►

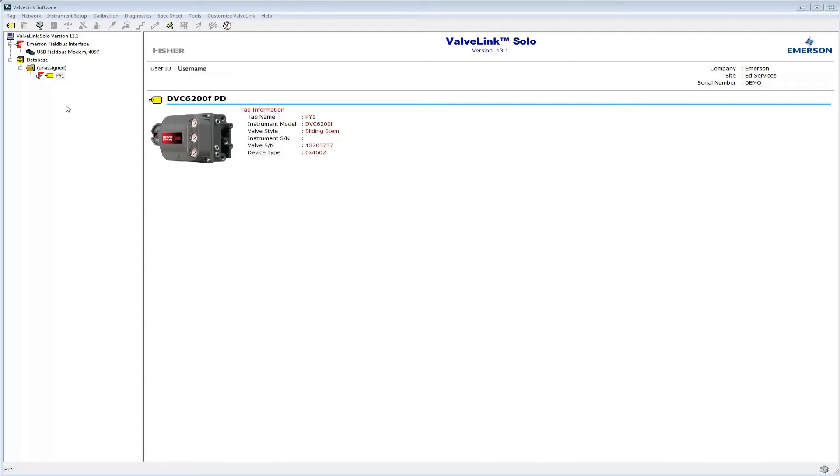In this video, we'll look at field diagnostic alerts in a Fisher FieldView DVC6200 digital valve controller with Fieldbus protocol.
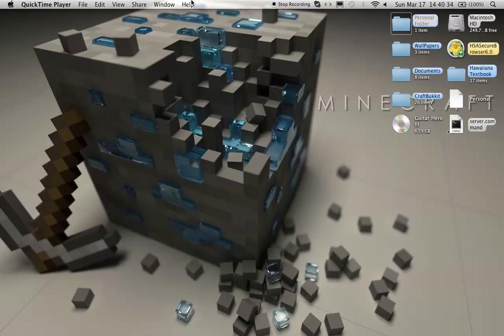With our first mod installation tutorial, we're going to be doing the Too Many Items, also known as TMI.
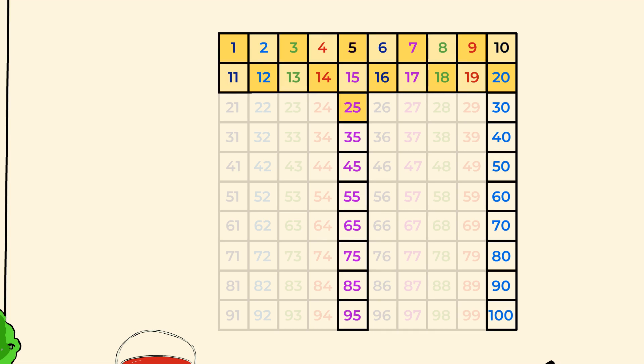It's the next number that ends in 5. 5, 10, 15, 20, 25, and then 5 more is 30. Let's keep going. After 30 is 35, 40, 45, 50. Wow. You've counted all the way to 50 by fives.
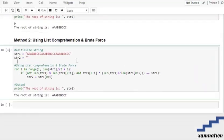Moving forward towards method number two, that is by using a list comprehension and a brute force approach. Brute force consists of checking the largest number of possibilities of every kind of movement or technique. For example, if you need to win in two moves, the brute force algorithm is going to check each and every possibility of winning in those two moves, going through a large number of possibilities.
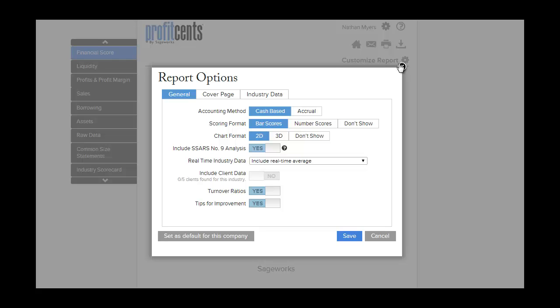You can now change the accounting method, the scoring format, and the chart format. Turn on or off features such as real-time industry data, turnover ratios, and tips for improvement.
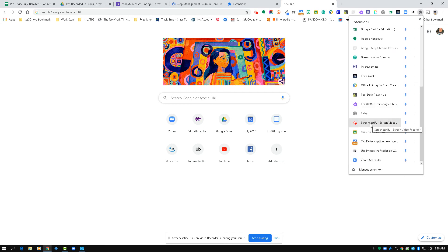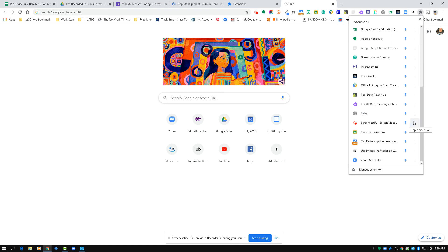The push pin will be grayed out or white. Go ahead and click on it to turn it blue, and it should pop up here at the top somewhere.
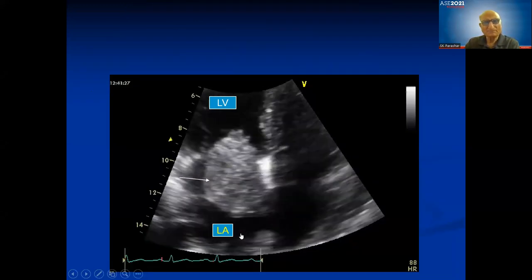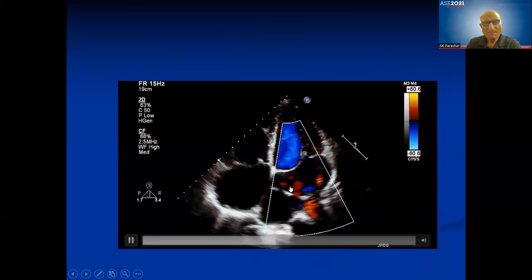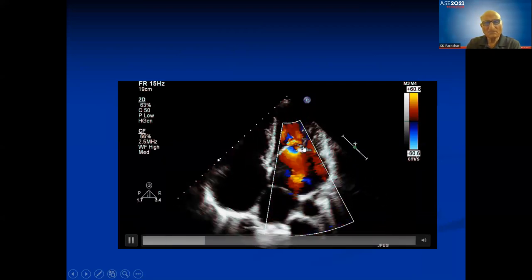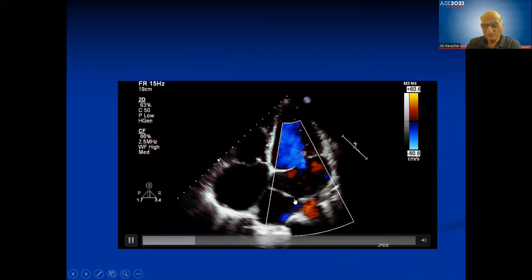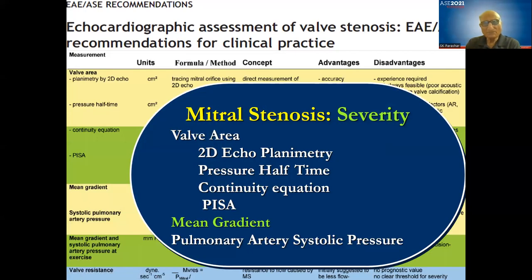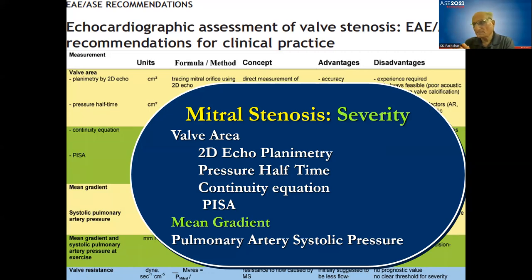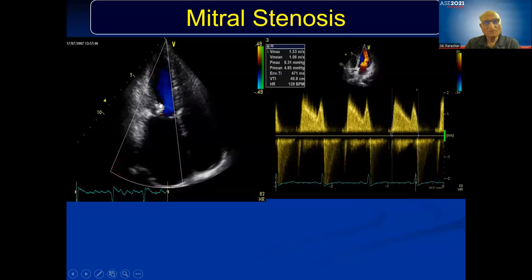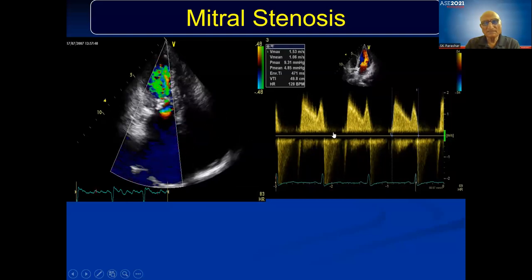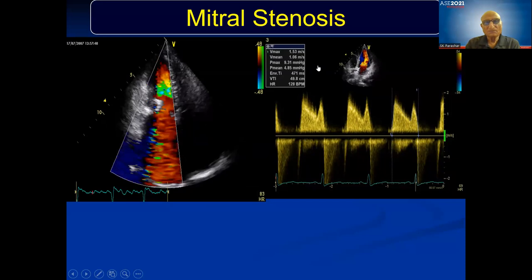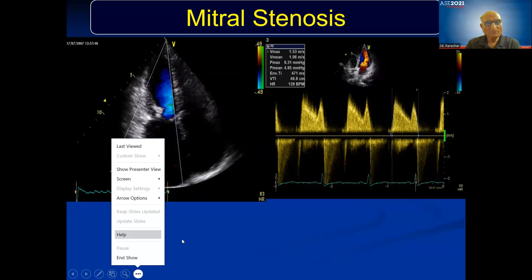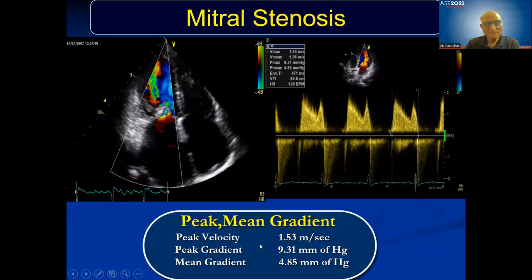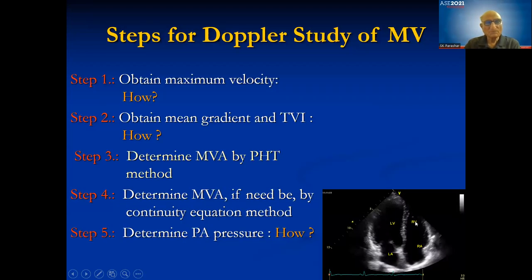Any obstruction at the mitral valve — such as a membrane in the left atrium or cor triatriatum — will produce a gradient. The mean gradient is measured by being parallel to flow and planimetering the Doppler envelope. In the apical four-chamber view, place color Doppler, then apply CW Doppler through the valve, planimeter it, and you automatically get peak and mean gradients and VTI.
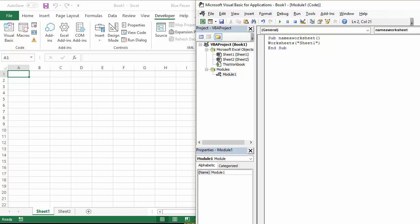Worksheet sheet 1 dot name. That's the property we want to change. And then we can just give it a new name. So I'm going to say it's going to be called budget 2019.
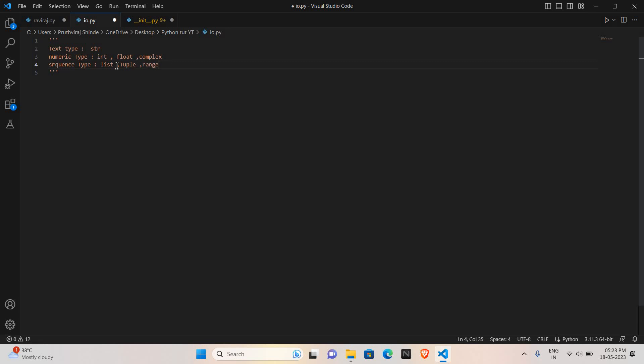In list we store elements. In tuple same, we store elements. But list is mutable and tuple is immutable. And range gives the range of the data, range of the types.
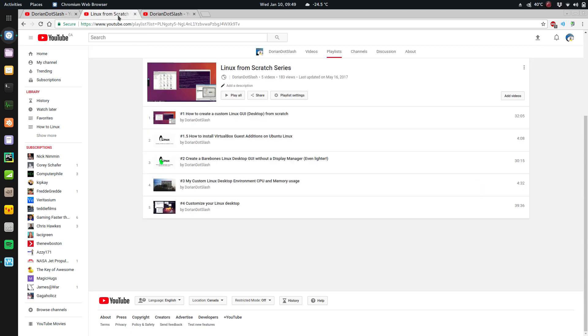And it all started with my Linux from scratch series. Now, I've been using Linux since the early 90s. I've just been posting up what I've been doing with it really, and people are really interested in it.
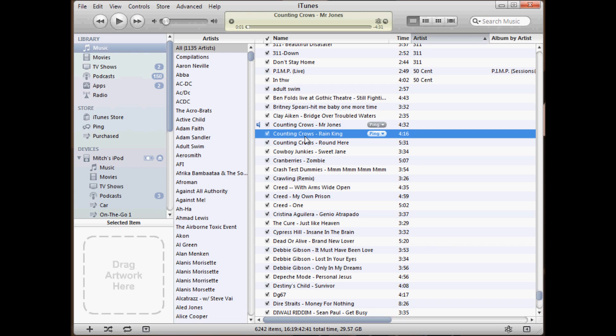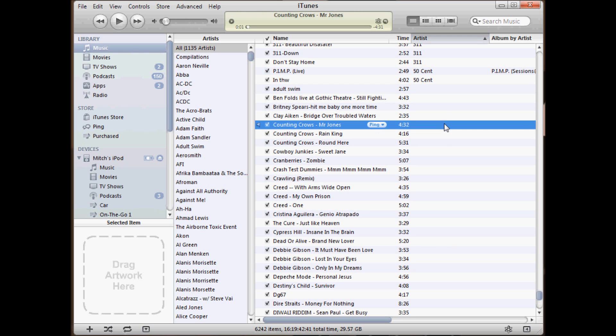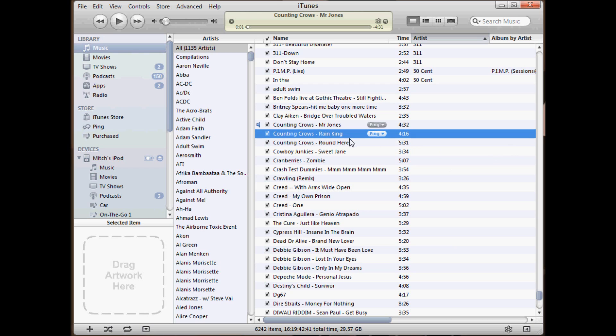We want Counting Crows to appear in the artist field. We might want some album by artist information. It's a common problem with iTunes if you have some older mp3 files or a bunch of files you didn't buy from the iTunes store.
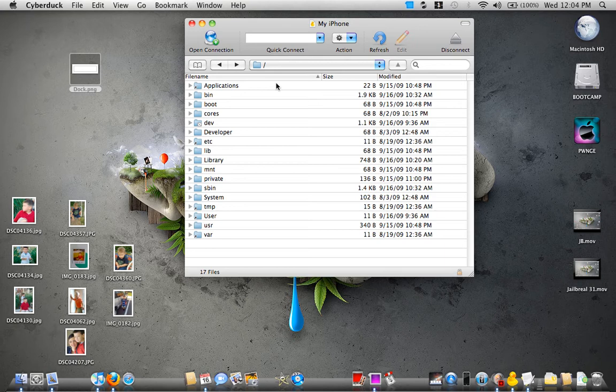Here we go. Basically you want to open up your SSH tool. I'm using CyberDock.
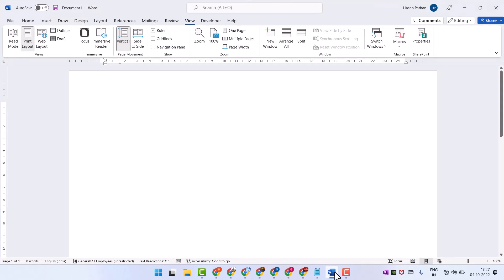Hello friends, in this video I will show you how to turn on focus mode in Microsoft Office. If you are using Microsoft Word document and you want to turn on focus mode, select this View tab.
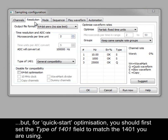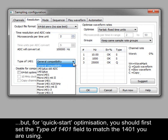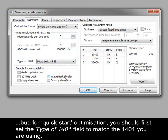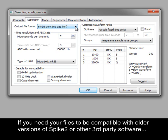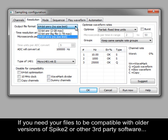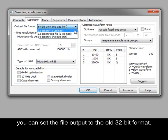But for quick start optimization, you should first set the type of 1401 field to match the 1401 you are using. In Spike2 version 8, the default setting is to sample to 64-bit data files, which allow both high timing resolution and long runtimes. If you need your files to be compatible with older versions of Spike2 or other third-party software, you can set the file output to the old 32-bit format.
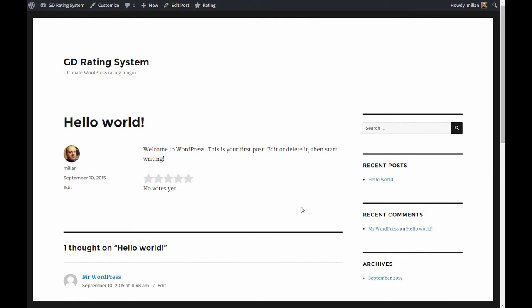When you install GD rating system for the first time, all your ratings will be empty. If you want your users to see some ratings despite the plugin being just installed and nothing rated yet, you can use the dummy data add-on with GD rating system PRO.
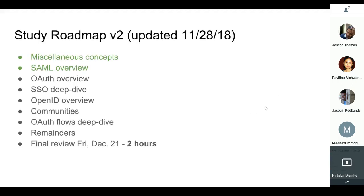We are now recording. I've updated the study roadmap a little bit, which actually makes today's OAuth discussion a bit out of place. But since it was already scheduled, we're going to keep it there. The biggest difference is since we've already been talking about SAML and SSO, I wanted to continue down that path.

◄

Exercise: Everything above from the line containing "Any obstruction at" through the line containing "When you install" must be repeated exactly, and the pictures must be left out.

Solution for this exercise:
Any obstruction at the mitral valve — such as a membrane in the left atrium or cor triatriatum — will produce a gradient. The mean gradient is measured by being parallel to flow and planimetering the Doppler envelope. In the apical four-chamber view, place color Doppler, then apply CW Doppler through the valve, planimeter it, and you automatically get peak and mean gradients and VTI.
Worksheet sheet 1 dot name. That's the property we want to change. And then we can just give it a new name. So I'm going to say it's going to be called budget 2019.
In list we store elements. In tuple same, we store elements. But list is mutable and tuple is immutable. And range gives the range of the data, range of the types.
And it all started with my Linux from scratch series. Now, I've been using Linux since the early 90s. I've just been posting up what I've been doing with it really, and people are really interested in it.
We want Counting Crows to appear in the artist field. We might want some album by artist information. It's a common problem with iTunes if you have some older mp3 files or a bunch of files you didn't buy from the iTunes store.
Here we go. Basically you want to open up your SSH tool. I'm using CyberDock.
Hello friends, in this video I will show you how to turn on focus mode in Microsoft Office. If you are using Microsoft Word document and you want to turn on focus mode, select this View tab.
But for quick start optimization, you should first set the type of 1401 field to match the 1401 you are using. In Spike2 version 8, the default setting is to sample to 64-bit data files, which allow both high timing resolution and long runtimes. If you need your files to be compatible with older versions of Spike2 or other third-party software, you can set the file output to the old 32-bit format.
When you install GD rating system for the first time, all your ratings will be empty. If you want your users to see some ratings despite the plugin being just installed and nothing rated yet, you can use the dummy data add-on with GD rating system PRO.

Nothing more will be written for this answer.